Last Sunday, in the first reading from Acts of the Apostles, we saw the early Christians in crisis because they grew in number. The Hellenists, Jews from the diaspora, complained that the Hebrews discriminated against the widows of the Hellenists in the daily distributions of food and probably other materials. The crisis would have been a source of disgrace for the early Church, however, the apostles listened to the Hellenists, invoked the Holy Spirit, and with the cooperation of the Hellenists, grace came forth from what would have been a disgrace; the resolution of the crisis gave birth to the ministry of deacons in the Church.

The early Christian community chose seven men, and the apostles ordained them deacons to serve the needs of the community. The first reading from last Sunday mentions Philip as one of the deacons. This Philip is different from Philip the Apostle. Some refer to him as Philip the deacon or Philip the evangelist. Today’s first reading centers on the missionary activities of this Philip in Samaria. In the city of Samaria, Philip proclaimed Christ to the people, he delivered those with demonic possession, and he healed the sick. How did Philip find his way to Samaria?
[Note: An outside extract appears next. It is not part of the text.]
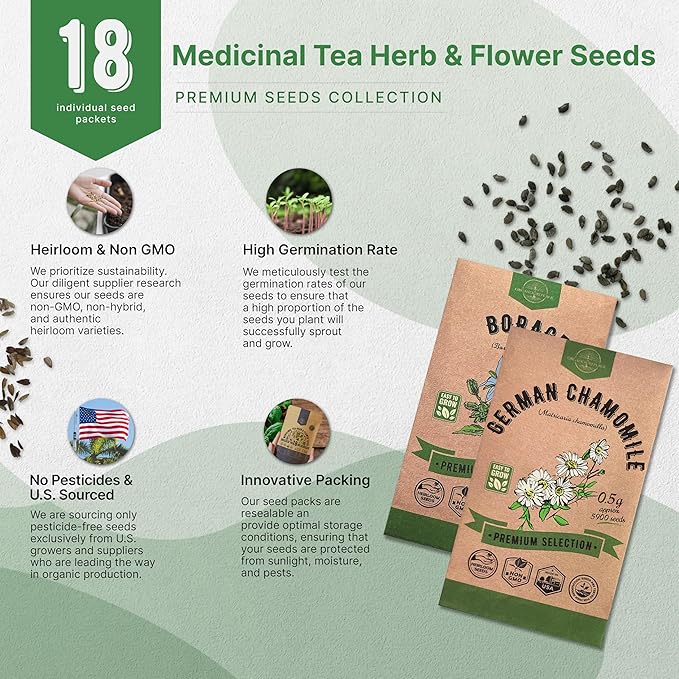 18 Medicinal Tea Herb & Flower Seeds Variety Pack - 6,100+ Non-GMO Heirloom Flower Seeds for Outdoor and Indoor Home Gardening, Including Anise, Borage, Catnip, Chamomile, Dandelion, Lavender, Sage - Bloomnest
Recall that Stephen was one of the seven men that were ordained deacons along with Philip. Chapter 7 of Acts of the Apostles tells how Stephen was persecuted and killed. The beginning of Chapter 8 tells us that after Stephen was martyred, great persecution of Christians broke out in Jerusalem. All the Christians, except the apostles were scattered throughout Judea and Samaria. Even though the Christians were running for their lives, they preached the good news wherever they went. That was how Philip made his way to Samaria, and he, like the rest, continued to make more disciples for Jesus.

It is true that when Jesus became a human being, he was born once upon a time. He was born in a particular town to a particular family and a particular tribe. However, his mission was to the whole world. Even though he began with the Jews as his launching pad, he came for the salvation of all. Before his ascension, he gave his followers the responsibility to preach the good news to the whole world, and to baptize those who believe in the name of the Father, and of the Son, and of the Holy Spirit. After his ascension, it seemed his followers remained in their comfort zone; they remained in Jerusalem. It was when the persecution of Christians broke out in Jerusalem that the Christians began to scatter from Jerusalem. In that process, the good news went with them to other parts of the world.
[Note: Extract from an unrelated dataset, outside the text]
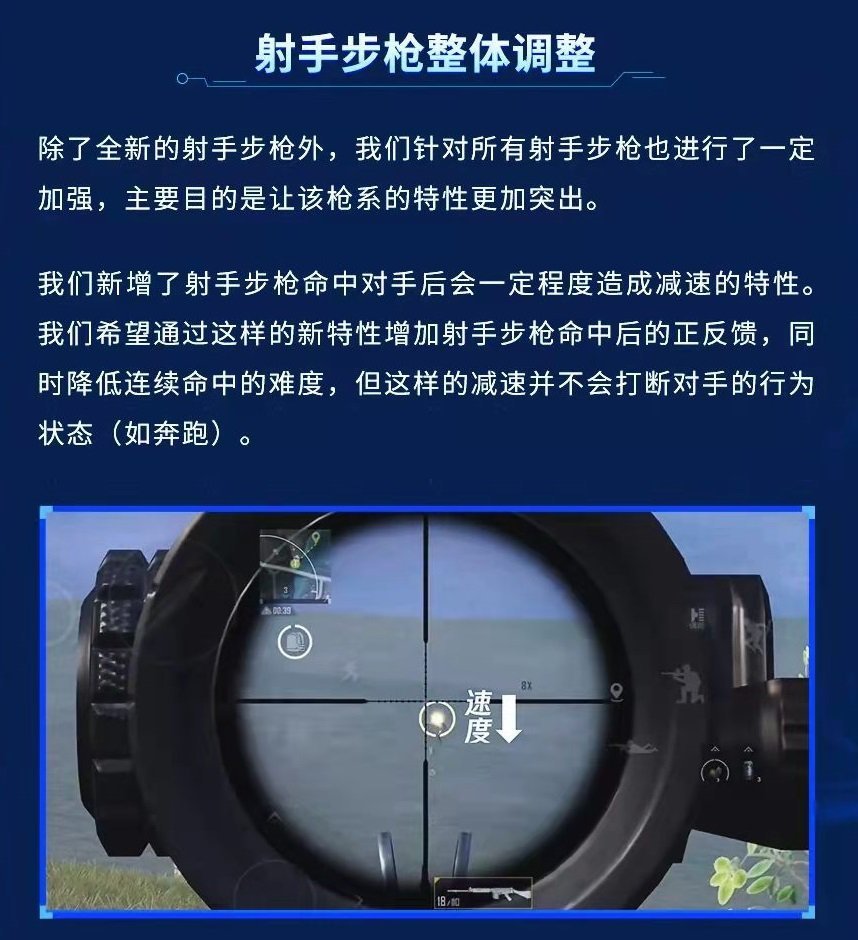 |和平精英：连狙为何火不起来？光子屡次加强，强力新武器能否救场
The pattern we see here reveals Christ in the crisis; it reveals grace in disgrace. It was the conflict between the Hebrews and the Hellenists that brought the grace of the ministry of deacons. It was the persecution of Christians in Jerusalem that took the message of Christ to the rest of the world.

For the most part, as human beings, we love to be comfortable. We want things to happen according to our plans. We try to avoid crisis. When we apply for school or job, we want to receive “Yes” as our answer. When we write an exam, we want to pass with distinction. We want to make gains in our businesses. We want our marriage to be perfect. We want people to like us and speak well of us. When these things don’t happen the way we want, we are tempted to give up easily. As Christians, we think that it is our right to have everything work in our favor. But from the story of the early Christians, we see that remaining in their comfort zone would have prevented the actualization of the growth of the kingdom. In case you question whatever is frustrating you now, don’t give up! Seek the help of the Holy Spirit to help you discover the grace in that disgrace; to help you discover Christ in that crisis. The difficulty you are facing now may be preparing you for something great. Don’t just go for comfort, don’t be attached to your comfort zone. Remember the words of Benedict XVI, “The world gives you comfort, but you were not made for comfort, you were made for greatness.”